What is expected >> Could you transcribe exactly the lines from the one containing "Un muerto y" through the last line of the records below, leaving out the pictures?

Supplied entries >>
§
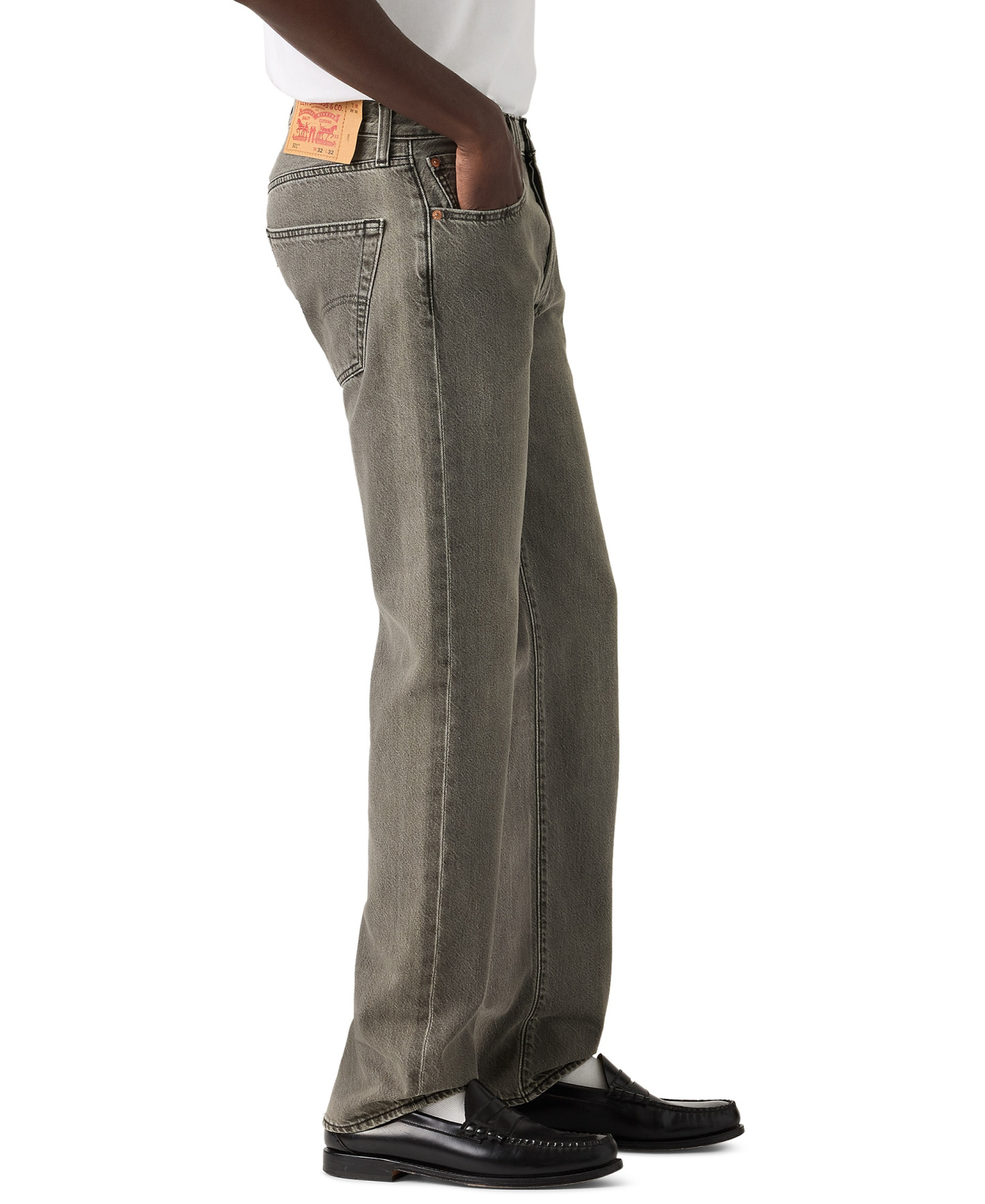 Levi's Men's 501™ Regular-Fit Button Fly Non-Stretch Jeans - Firepit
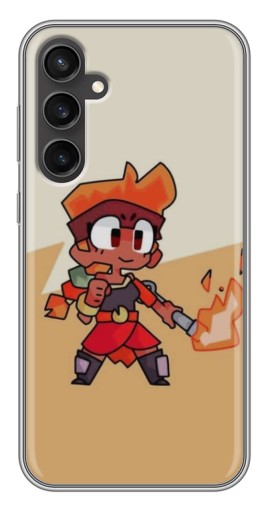 Чехол с картинкой "Нарисованная Amber" для Samsung Galaxy S23 FE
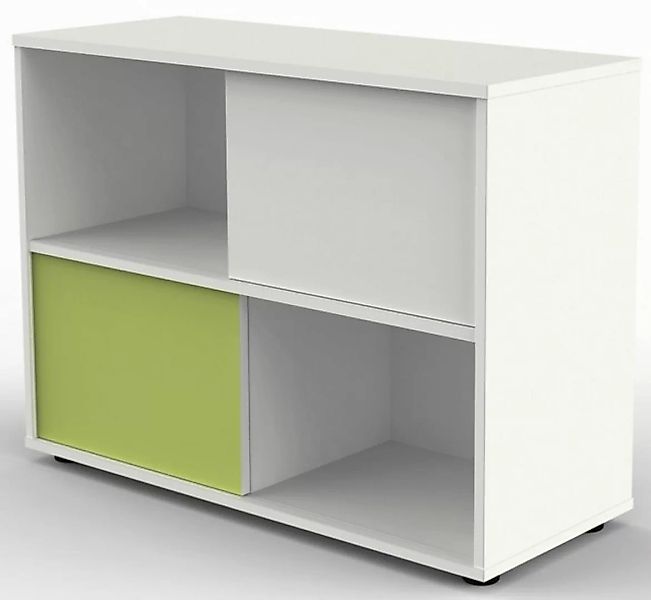 KERKMANN Aktenschrank Schiebetürenregal Form 4 100x40x75cm 2 OH grafit. günstig online kaufen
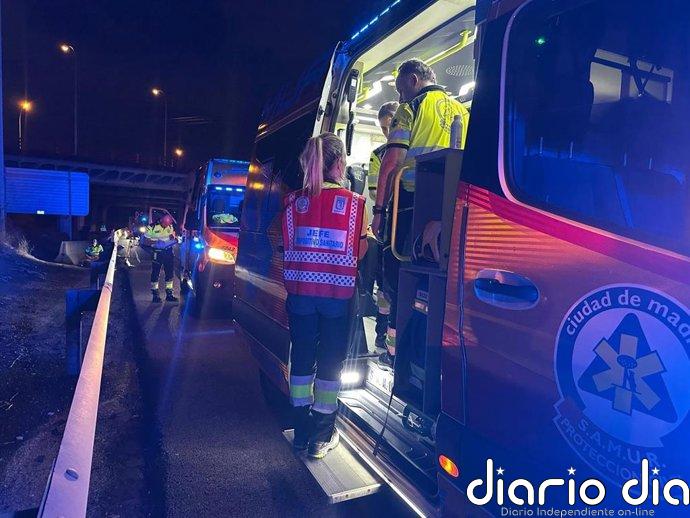 Un muerto y siete heridos en dos accidentes simultáneos en la A4 y la M31 de Madrid
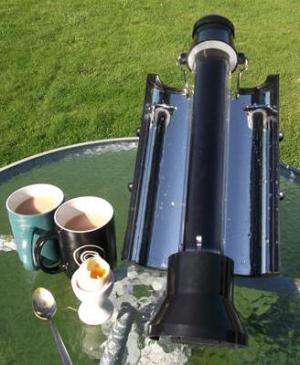 New Solar Kettle allows for boiling water off the grid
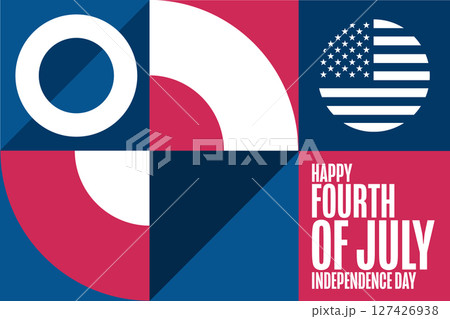 4th of July. Happy Independence Day. USA. Holiday concept. Template for background, banner, card 4th of July. Happy Independence Day. USA. Holiday concept. Template for background, banner, card 127426938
§
Solution for this task >>
 Un muerto y siete heridos en dos accidentes simultáneos en la A4 y la M31 de Madrid
 New Solar Kettle allows for boiling water off the grid
 4th of July. Happy Independence Day. USA. Holiday concept. Template for background, banner, card 4th of July. Happy Independence Day. USA. Holiday concept. Template for background, banner, card 127426938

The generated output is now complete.